In autoimmune connective tissue diseases, the proposed mechanism is different from simple compression. The leading theories involve immune complexes (clusters of antibodies) depositing in the sensory nerve root, or inflammation of the tiny blood vessels that supply the nerve itself, cutting off its blood supply. Both pathways lead to the same outcome: damage to the nerve’s insulation and the misfiring that causes pain.
What This Means if You Have TN
If you have trigeminal neuralgia and are wondering whether an autoimmune condition might be behind it, context matters. Classical trigeminal neuralgia typically affects one side of the face, most commonly the second and third branches of the nerve (the cheek, jaw, and lower face), and brain imaging shows a blood vessel compressing the nerve. If your imaging is normal, showing no vascular compression, that raises the question of whether something else is driving the nerve damage.
Certain features make an autoimmune or secondary cause more likely: pain on both sides of the face, numbness or reduced sensation between pain attacks, younger age at onset, or existing symptoms like dry eyes, dry mouth, joint pain, skin changes, or fatigue that could point to a connective tissue disease. In case series where patients had trigeminal neuralgia from autoimmune causes, normal brain imaging (ruling out vascular compression) was a consistent finding, and the TN sometimes preceded the autoimmune diagnosis by months or years.

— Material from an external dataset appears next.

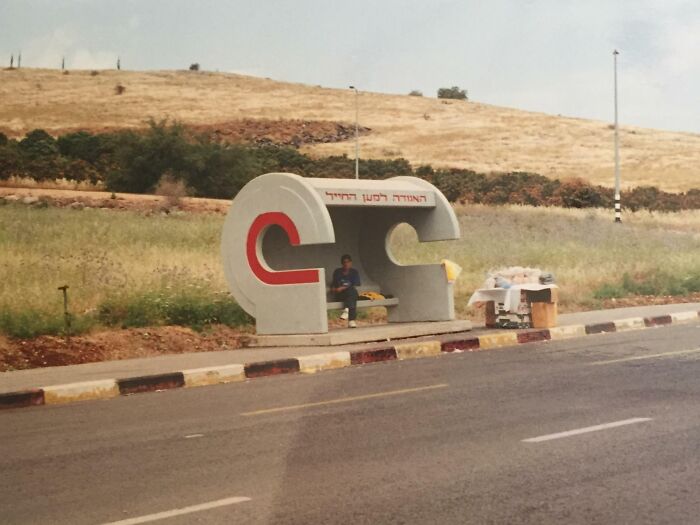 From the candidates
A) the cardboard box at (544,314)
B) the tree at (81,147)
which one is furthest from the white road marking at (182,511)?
the tree at (81,147)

The distinction matters for treatment. Classical trigeminal neuralgia caused by vascular compression can be treated with medications that calm nerve firing, and in refractory cases, surgery to move the offending blood vessel away from the nerve. When an autoimmune disease is the root cause, treating the underlying inflammation and immune dysfunction becomes central to managing the facial pain. Medications that work well for compression-related TN may be less effective if the immune system is actively damaging the nerve.